Coder Social home page Coder Social logo

tasdikrahman / xkcd-dl Goto Github PK

View Code? Open in Web Editor NEW
145.0 5.0 19.0 695 KB

:arrow_double_down: Download ALL xkcd's which have been uploaded till date. Ever!

Home Page: http://tasdikrahman.me/xkcd_dl

License: MIT License

Python 99.09% Makefile 0.91%
comics xkcd python

xkcd-dl's Introduction

PyPI version License Travis

Download each and every xkcd comic uploaded!
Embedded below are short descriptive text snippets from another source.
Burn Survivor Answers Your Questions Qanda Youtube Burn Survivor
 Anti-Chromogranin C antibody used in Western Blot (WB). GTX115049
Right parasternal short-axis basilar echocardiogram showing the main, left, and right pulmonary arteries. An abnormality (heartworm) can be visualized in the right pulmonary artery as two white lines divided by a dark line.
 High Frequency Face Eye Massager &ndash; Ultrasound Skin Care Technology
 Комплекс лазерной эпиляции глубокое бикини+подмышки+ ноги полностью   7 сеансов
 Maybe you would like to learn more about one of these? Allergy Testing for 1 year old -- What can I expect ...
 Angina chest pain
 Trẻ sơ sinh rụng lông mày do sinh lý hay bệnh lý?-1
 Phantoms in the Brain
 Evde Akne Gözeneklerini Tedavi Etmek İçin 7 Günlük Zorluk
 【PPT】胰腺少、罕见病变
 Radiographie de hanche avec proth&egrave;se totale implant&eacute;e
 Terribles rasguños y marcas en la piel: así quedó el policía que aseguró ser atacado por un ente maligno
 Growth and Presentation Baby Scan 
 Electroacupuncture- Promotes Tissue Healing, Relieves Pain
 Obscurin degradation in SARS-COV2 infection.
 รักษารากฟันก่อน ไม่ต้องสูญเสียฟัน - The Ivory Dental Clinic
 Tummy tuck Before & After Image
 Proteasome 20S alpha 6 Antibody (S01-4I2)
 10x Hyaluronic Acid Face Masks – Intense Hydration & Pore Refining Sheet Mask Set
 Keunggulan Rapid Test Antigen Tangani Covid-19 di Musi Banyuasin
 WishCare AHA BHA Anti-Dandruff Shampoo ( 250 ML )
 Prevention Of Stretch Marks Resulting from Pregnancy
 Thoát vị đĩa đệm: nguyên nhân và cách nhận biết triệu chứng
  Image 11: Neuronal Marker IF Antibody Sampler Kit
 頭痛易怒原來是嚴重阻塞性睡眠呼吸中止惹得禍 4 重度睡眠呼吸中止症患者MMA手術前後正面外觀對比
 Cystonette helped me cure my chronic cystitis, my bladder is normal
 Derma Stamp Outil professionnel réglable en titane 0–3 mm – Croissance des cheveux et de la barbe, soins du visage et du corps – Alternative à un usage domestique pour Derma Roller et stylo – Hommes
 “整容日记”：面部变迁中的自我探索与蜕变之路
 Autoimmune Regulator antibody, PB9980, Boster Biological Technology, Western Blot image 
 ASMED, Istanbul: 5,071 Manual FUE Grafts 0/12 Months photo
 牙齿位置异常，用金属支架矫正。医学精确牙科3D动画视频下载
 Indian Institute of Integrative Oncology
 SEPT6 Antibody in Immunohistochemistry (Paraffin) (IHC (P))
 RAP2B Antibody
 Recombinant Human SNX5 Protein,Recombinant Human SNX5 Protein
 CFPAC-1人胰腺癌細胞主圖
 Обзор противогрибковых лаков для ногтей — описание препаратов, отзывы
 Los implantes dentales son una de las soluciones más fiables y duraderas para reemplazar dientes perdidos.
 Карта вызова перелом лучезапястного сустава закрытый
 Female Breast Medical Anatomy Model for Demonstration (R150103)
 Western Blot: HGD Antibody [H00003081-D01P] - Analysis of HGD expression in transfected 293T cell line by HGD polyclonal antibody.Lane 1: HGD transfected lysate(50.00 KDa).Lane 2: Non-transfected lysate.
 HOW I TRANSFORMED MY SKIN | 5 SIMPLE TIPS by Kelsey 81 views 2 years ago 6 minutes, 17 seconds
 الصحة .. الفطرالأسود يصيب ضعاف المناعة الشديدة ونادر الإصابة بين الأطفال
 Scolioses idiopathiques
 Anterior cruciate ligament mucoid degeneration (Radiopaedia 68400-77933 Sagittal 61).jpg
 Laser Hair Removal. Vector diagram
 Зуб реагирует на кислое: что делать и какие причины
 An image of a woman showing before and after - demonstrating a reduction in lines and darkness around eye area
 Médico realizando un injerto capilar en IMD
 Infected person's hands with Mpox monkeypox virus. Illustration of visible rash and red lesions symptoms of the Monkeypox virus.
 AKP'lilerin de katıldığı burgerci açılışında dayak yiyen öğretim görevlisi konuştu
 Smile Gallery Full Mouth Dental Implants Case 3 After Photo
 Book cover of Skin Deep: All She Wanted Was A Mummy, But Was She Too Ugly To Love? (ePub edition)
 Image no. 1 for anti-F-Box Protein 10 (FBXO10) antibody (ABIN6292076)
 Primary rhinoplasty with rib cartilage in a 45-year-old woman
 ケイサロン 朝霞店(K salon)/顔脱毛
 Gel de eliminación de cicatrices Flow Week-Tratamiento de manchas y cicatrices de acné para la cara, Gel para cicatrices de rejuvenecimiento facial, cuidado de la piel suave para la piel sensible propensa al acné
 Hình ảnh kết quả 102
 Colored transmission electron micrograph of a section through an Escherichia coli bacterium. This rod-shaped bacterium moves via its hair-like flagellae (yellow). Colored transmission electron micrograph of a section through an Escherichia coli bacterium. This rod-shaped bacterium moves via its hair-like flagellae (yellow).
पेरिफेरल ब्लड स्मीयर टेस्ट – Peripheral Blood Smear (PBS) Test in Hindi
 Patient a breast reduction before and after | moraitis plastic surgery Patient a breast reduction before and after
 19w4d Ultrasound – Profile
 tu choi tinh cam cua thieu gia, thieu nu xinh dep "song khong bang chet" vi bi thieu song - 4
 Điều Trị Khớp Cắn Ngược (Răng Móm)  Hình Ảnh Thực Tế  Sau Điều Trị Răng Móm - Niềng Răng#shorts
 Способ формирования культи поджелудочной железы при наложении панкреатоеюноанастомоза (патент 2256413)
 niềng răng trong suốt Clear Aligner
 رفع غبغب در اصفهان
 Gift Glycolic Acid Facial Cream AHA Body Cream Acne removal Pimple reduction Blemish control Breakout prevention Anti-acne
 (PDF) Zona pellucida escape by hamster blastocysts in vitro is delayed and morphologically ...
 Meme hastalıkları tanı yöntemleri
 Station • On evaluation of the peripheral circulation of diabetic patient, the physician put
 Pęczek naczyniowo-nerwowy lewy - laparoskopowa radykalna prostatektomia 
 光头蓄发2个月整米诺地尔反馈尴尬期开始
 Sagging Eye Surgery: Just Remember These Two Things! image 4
Like ever!

Author

Tasdik Rahman

Features

  • Can download all the xkcd's uploaded till date(1603 as I am writing this!).
  • Download individual xkcd's and store them
  • Download ranges of xkcd's and store them
  • Download the latest issue xkcd
  • Download the meta text inside each xkcd and store it
  • No duplicacy in your XKCD database.
  • Stores each xkcd in a separate file named as the title of the xkcd at your home directory
  • Writes a description.txt for each xkcd. Storing meta-data like
    • date-publised
    • url value
    • a small description of that xkcd
    • The alt text on the comic
  • written in uncomplicated python.

Demo

Usage

Usage

Each Comic is stored in it's own individual folder with a description.txt placed in it. It contains meta-data like -img-link - title - date-published - alt

Here's a little example for the same

xkcd_archive Structure

xkcd_archive Structure

Usage

When running for the first time, do a xkcd-dl --update-db

$ xkcd-dl --update-db
XKCD link database updated
Stored it in 'xkcd_dict.json'. You can start downloading your XKCD's!
Run 'xkcd-dl --help' for more options
$

--help

$ xkcd-dl --help
usage: xkcd-dl [-h] [-u] [-l] [-d XKCD_NUM | -a]
               [-r [DOWNLOAD_RANGE [DOWNLOAD_RANGE ...]]] [-v] [-P PATH]
               [-s XKCD_NUM]

Run `xkcd-dl --update-db` if running for the first time.

optional arguments:
  -h, --help            show this help message and exit
  -u, --update-db       Update the database
  -l, --download-latest
                        Download most recent comic
  -d XKCD_NUM, --download XKCD_NUM
                        Download specified comic by number
  -a, --download-all    Download all comics
  -r [DOWNLOAD_RANGE [DOWNLOAD_RANGE ...]], --download-range [DOWNLOAD_RANGE [DOWNLOAD_RANGE ...]]
                        Download specified range
  -v, --version         show program's version number and exit
  -P PATH, --path PATH  set path
  -s XKCD_NUM, --show XKCD_NUM
                        Show specified comic by number

--download-latest

This downloads the last uploaded xkcd comic and stores under the home directory of the user with a brief description

$ xkcd-dl --download-latest
Downloading xkcd from 'http://imgs.xkcd.com/comics/flashlights.png' and storing it under '/home/tasdik/xkcd_archive/1603'
$

If it has been downloaded, will not do anything

This command will work even if you have not run --update-db yet.

--download=XKCDNUMBER

Downloads the particular XKCDNUMBER(given that it exists and has not been downloaded already) and stores it in the home directory

$ xkcd-dl --download=143
Downloading xkcd from 'http://xkcd.com/143/' and storing it under '/home/tasdik/xkcd_archive/143'
$ xkcd-dl --download=1603
Downloading xkcd from 'http://xkcd.com/1603/' and storing it under '/home/tasdik/xkcd_archive/1603'
xkcd  number '1603' has already been downloaded!
$

--download-range <START> <END> --------------------

Will take two number parameters and download all the xkcd's between the two, inclusive.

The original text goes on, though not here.